Retail turnover eked up 0.4 per cent in June, with five of the Australian Bureau of Statistics’ (ABS) six retail categories all notching up mild improvements, growing between 0.2 per cent and 2 per cent each.
However, the sixth category – department stores – bucked the overall trend with a 0.6 per cent fall, something that retail and consumer behaviour researcher, Associate Professor Gary Mortimer, told The New Daily is yet another nail in sector’s coffin.
“There’s been a change in the way we shop,” he said.
“It used to be that you would go to department stores to get everything, but now people are more likely to shop at ‘category killers’ like Rebel for sporting goods, Freedom for furniture, or JB Hi-Fi for consumer electronics.
Department stores, he said, “are no longer relevant”.
The ABS data comes as David Jones’ parent company, South Africa-based Woolworths Holdings (no relation to the Australian supermarket chain), announced it had written off $437 million from the brand’s valuation.
David Jones is now valued at $965 million; less than half the $2.2 billion Woolworths Holdings paid in 2014 to buy the iconic retailer, and it’s not a viable long term-plan for the business either, Associate Professor Mortimer said.
“You can’t continue to write down the value of a business so significantly without losing the confidence of investors and the market,” he said.
There can be only one
Both David Jones and Myer have been slow to adapt to the rapidly evolving retail space, and Associate Professor Mortimer predicts only one of them will survive the squeezing of their market share.
“Think about Grace Brothers in Sydney, McDonnell and East in Brisbane, Boans in Perth – these bastions of retail have fallen or been gobbled up by competitors,” he said.
“We’re going to see a rationalisation of full-line department stores; only one of them is going to survive and it will probably have to reduce itself to three or four flagship stores in major cities.”
Exactly when that will happen, or which of the two is likely to disappear, is more difficult to predict, Associate Professor Mortimer said.

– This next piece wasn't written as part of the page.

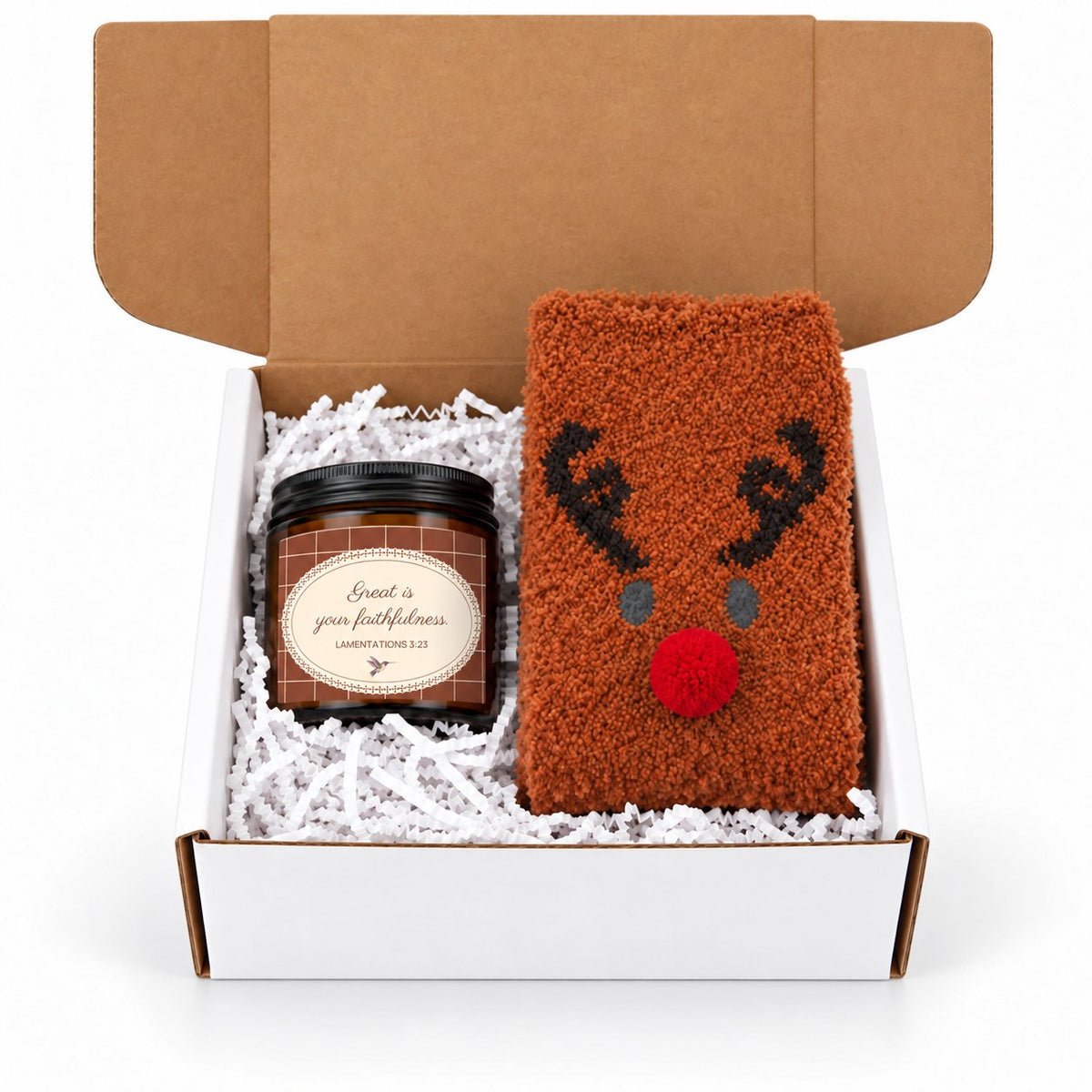 Faithfulness — Terracotta Candle & Reindeer Socks Gift Set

But in the past two years alone the process appears to have accelerated and the demise of one of the two iconic outlets could occur sooner than anyone expects.
Online shopping factor
Speaking to The New Daily, BIS Oxford Economics chief economist Dr Sarah Hunter said department stores are “certainly one of the more vulnerable sectors” within retail and the rise on online shopping is taking a toll.

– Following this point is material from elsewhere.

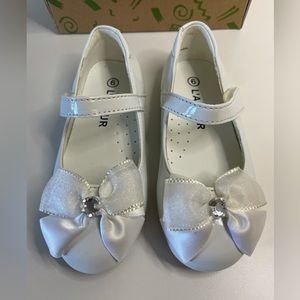 L’Amour Girls’ Flat Toddler Dress Bow Shoe NIB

“Online shopping’s share of total spending has ticked up – it was at 6.1 per cent in June, up from 5.7 per cent in June last year, and that’s a big jump,” Dr Hunter said.
“It’s not surprising that we’re seeing department stores be one of the under-performers within the retail sector.”

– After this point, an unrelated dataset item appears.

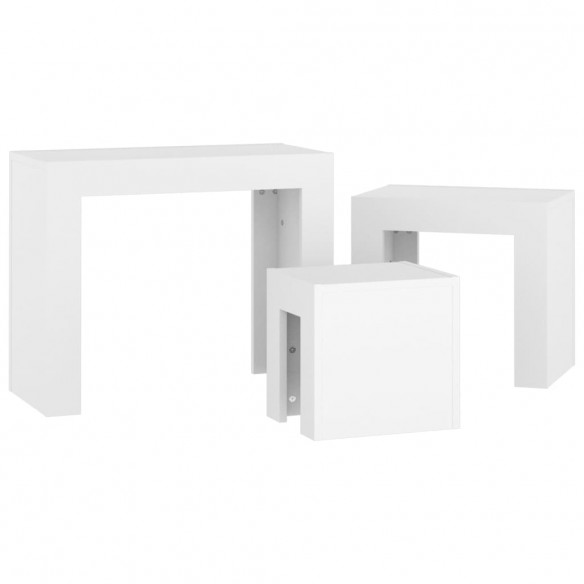 Tables basses gigognes 3 pcs Blanc Aggloméré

The rate at which online shopping grows its share of the overall market is likely to slow over time, but Dr Hunter said it will still steal customers away from ailing department stores.
“If we look at other countries, online share of retail spending is much much higher than 6 per cent, so it really does suggest that there’s a lot of space for that market to expand in Australia,” she said.
“That’s something they’ll definitely be seeing and feeling within their own stores, but also as a whole sector.”